Capacity of Group-invariant Linear Readouts from Equivariant Representations: How Many Objects can be Linearly Classified Under All Possible Views?
This work addresses a foundational gap in understanding the capacity of equivariant representations for machine learning, with implications for designing robust models in computer vision and related fields.
The paper tackles the problem of quantifying the expressivity of group-equivariant representations for linear classification under all possible views, finding that the fraction of separable dichotomies depends on the dimension fixed by the group action, with local pooling decreasing this fraction, and validates the theory on convolutional neural networks with perfect agreement.
Equivariance has emerged as a desirable property of representations of objects subject to identity-preserving transformations that constitute a group, such as translations and rotations.
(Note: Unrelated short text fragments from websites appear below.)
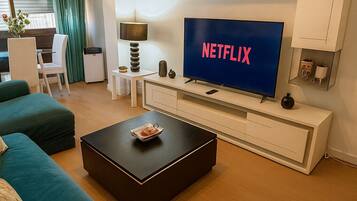 Smart TV, computer monitors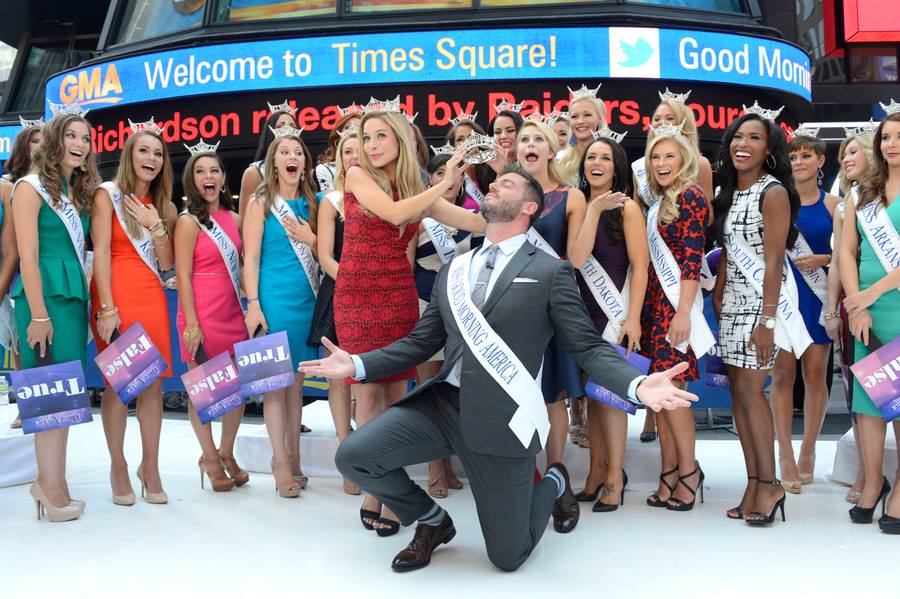 PageantsNEWS's tweet photo. Miss America Contestants on Good Morning America http://t.co/R5v0uoOuUf http://t.co/262rorvVb9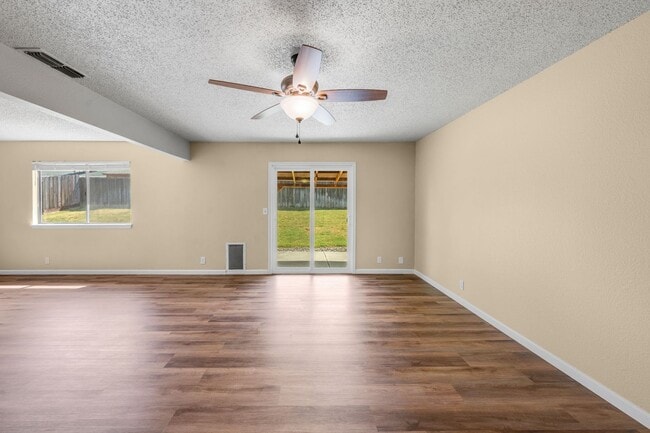 Building Photo - Charming Single-Story 3 Bed Home Two Car Garage & Spacious Yard!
However, the expressivity of a representation constrained by group equivariance is still not fully understood. We address this gap by providing a generalization of Cover's Function Counting Theorem that quantifies the number of linearly separable and group-invariant binary dichotomies that can be assigned to equivariant representations of objects. We find that the fraction of separable dichotomies is determined by the dimension of the space that is fixed by the group action. We show how this relation extends to operations such as convolutions, element-wise nonlinearities, and global and local pooling. While other operations do not change the fraction of separable dichotomies, local pooling decreases the fraction, despite being a highly nonlinear operation. Finally, we test our theory on intermediate representations of randomly initialized and fully trained convolutional neural networks and find perfect agreement.